Most decisions on a venture-backed cap table fall into one of these categories.

  • Majority of capital stock voting together. Common and preferred (on an as-converted basis) voting as a single class. Used for director elections (subject to any class-specific seats), most ordinary matters.
  • Majority of preferred, voting as a class. Required for certificate amendments that affect preferred rights, authorizing senior or pari passu securities, increasing the size of an existing series, certain redemptions and dividends.
  • Majority of a specific series. Some protective provisions are series-specific. A new Series B may not be able to amend the rights of Series A without Series A's separate consent.
  • Majority of Major Investors. Waiving pro-rata rights typically only requires the holders of a majority of the registrable securities held by Major Investors, not all preferred. See Pro-rata rights and Major Investors for how Major Investor status is defined.
  • Supermajority thresholds. Two-thirds, sometimes higher, used for the most consequential approvals (sale of the company, drag-along consent in some structures).

The thresholds are negotiable. Read the Certificate of Incorporation; templates are routinely modified.

Modeling votes on the cap table

The mechanics are simple once you have the share counts. A voting tracker is not prebuilt into the Cap Table and Exit Waterfall Tool but it is easy to add additional columns to track, for example:

  • Voting. Easy to add a dropdown column for each holder after the fully-diluted column to track voting rights, and voting rights by class. Add a helper data validation so the values are Y or N (Yes or No) and use that to validate whether the shares have voting rights.
  • Ownership by Class. Additional columns after the fully-diluted Common, Series A, Series B, etc. can be used to show voting rights by share class.
  • Major Investor (Y/N). Add a column for a tag or a validation based on the definition of a major investor threshold defined in the Investors' Rights Agreement.

What this is good for

Two practical uses.

  • Pre-round approvals. Before a financing closes, the company typically needs to amend its Certificate of Incorporation, sometimes increase authorized shares, sometimes authorize a new series. Walk through each required vote on the cap table to confirm the votes are there. A holder who declines to consent is a different problem from a holder who never replies; the model surfaces the gap.
  • Sale approvals and drag-along scenarios. When a sale comes up, the same cap table tells you whether the threshold for drag-along applies and which holders need to be brought along voluntarily.

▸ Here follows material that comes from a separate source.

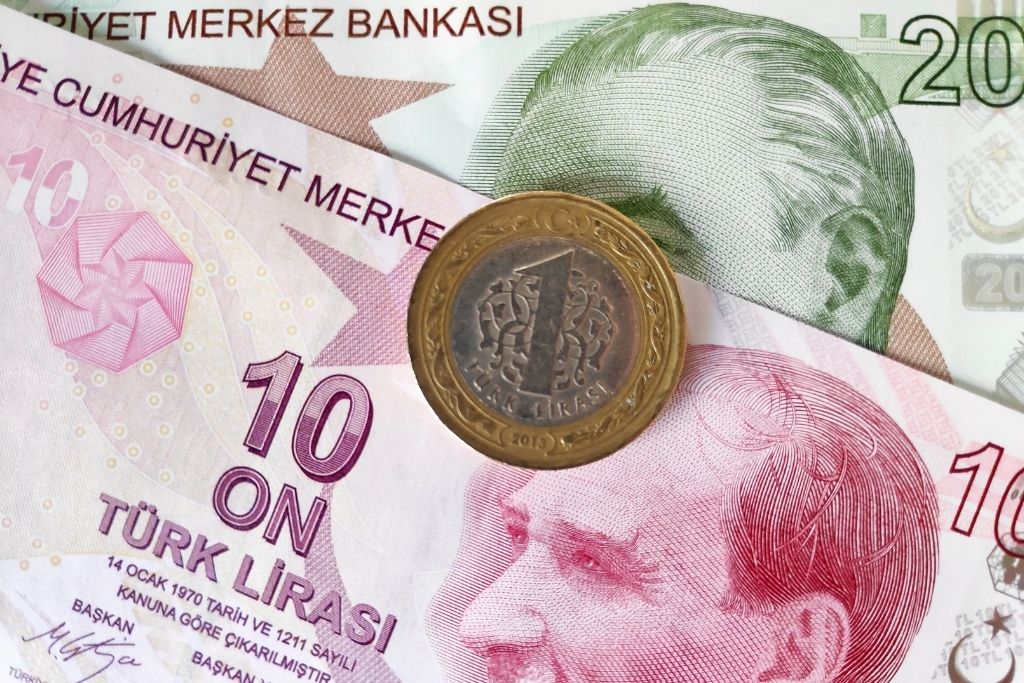 Close-up of Turkish currency featuring a 1 lira coin placed over colorful 10 and 20 lira banknotes, each with portraits of Mustafa Kemal Atatürk.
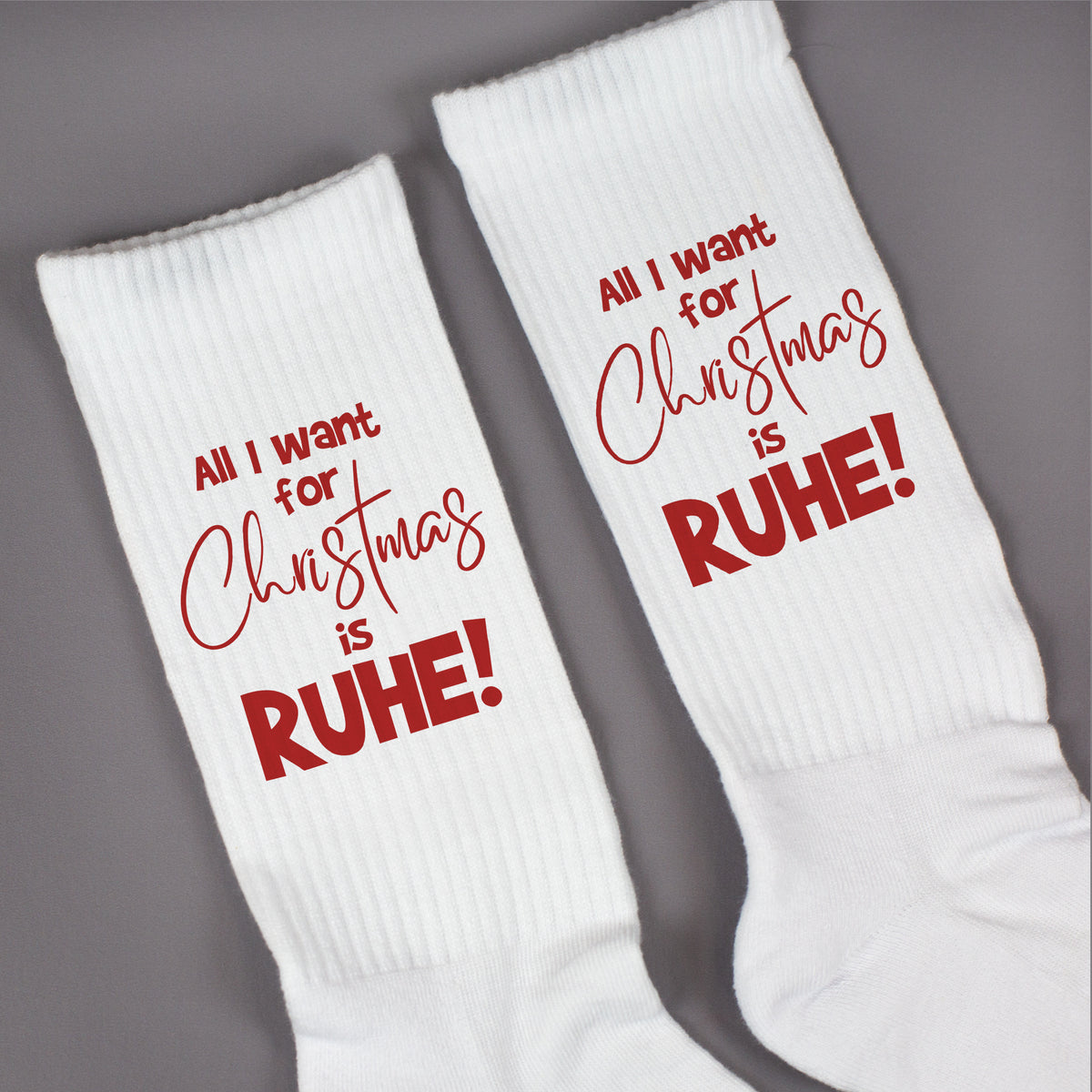 Paar weiße Tennissocken mit rotem Weihnachtsdruck ‚All I want for Christmas is RUHE!‘ flach nebeneinander liegend.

How the Cap Table and Exit Waterfall Tool handles this

The free Cap Table and Exit Waterfall Tool does not ship a prebuilt voting tracker, but the column structure on the pre-distribution cap table accommodates it cleanly. Add a Voting column to the right of the share-count columns, add a Major Investor column on each preferred row, and add a small block of formulas at the bottom to summarize each threshold. The class column is already there.

Vote tracking is governance, not economics, so it sits alongside the rest of the cap table without changing dilution or exit math. Use it as a working sheet during a round, then archive a snapshot once approvals are secured.

Voting thresholds and class-vote rules are in the Certificate of Incorporation. Drag-along, board seats, and election agreements are in the Stockholders' Agreement (or Voting Agreement). Pro-rata waivers and Major Investor definitions are in the Investors' Rights Agreement. The NVCA model documents are the canonical templates; most law firms start there and modify.